ライオンやヤギ次々死ぬ スラバヤの動物園 市に移管も改善なし 警察が捜査

 東ジャワ州のスラバヤ動物園で動物が相次いで死んでいる。7日に1歳半のライオン「マイケル」が首をつった状態で死んでいるのが見つかり、14日には生後6カ月のシロイワヤギが死んだ。動物愛護団体などからは同園の管理体制への批判が集中。2013年7月からスラバヤ市が運営し、対策を講じているが、改善の兆しは見られない。

 同園の調べで、子ヤギは大人のヤギとのけんかが原因で死んだことが確認された。成長したシロイワヤギは攻撃的になることを分かっていながら、同じ囲いに入れたことが批判されている。園関係者によると、子ヤギの飼育施設が修復中だったため同じ囲いに入れていたとしている。

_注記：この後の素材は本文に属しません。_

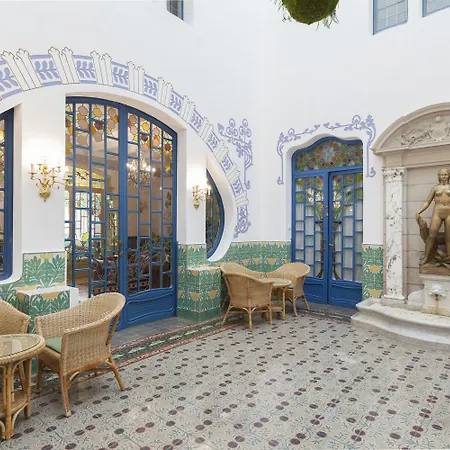 Diana Hotel 4*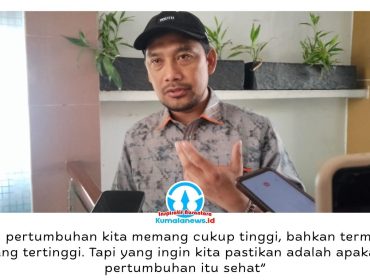 Wakil Ketua Panitia Khusus (Pansus) LKPJ Kepala Daerah DPRD Kota Samarinda, Abdul Rohim, memberikan keterangan kepada awak media terkait kondisi pertumbuhan ekonomi Kota Samarinda yang dinilai masih rentan meski mencatat angka cukup tinggi. Hal tersebut disampaikannya usai pembahasan arah pembangunan ekonomi dalam dokumen perencanaan daerah, Kamis (23/4/2026). Foto: Yana Ashari.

 ライオンからは毒物などは検出されなかった。警察などは発情期で檻の中を活発に動き回っていた際に、飼育員がドアの開閉用に使うひもにひっかかった可能性があるとしている。これまでにズルキフリ・ハッサン林業相は殺された可能性を言及し、スラバヤ市警が捜査していた。
 同園を管理するラトナ・アユニングルム代表は16日になってから園内に監視カメラを設置。カメラの必要性を「ライオンの死から学んだ」と地元メディアに話している。監視カメラは一部の動物の檻のほか、スリなどの被害が確認されている場所にも設置された。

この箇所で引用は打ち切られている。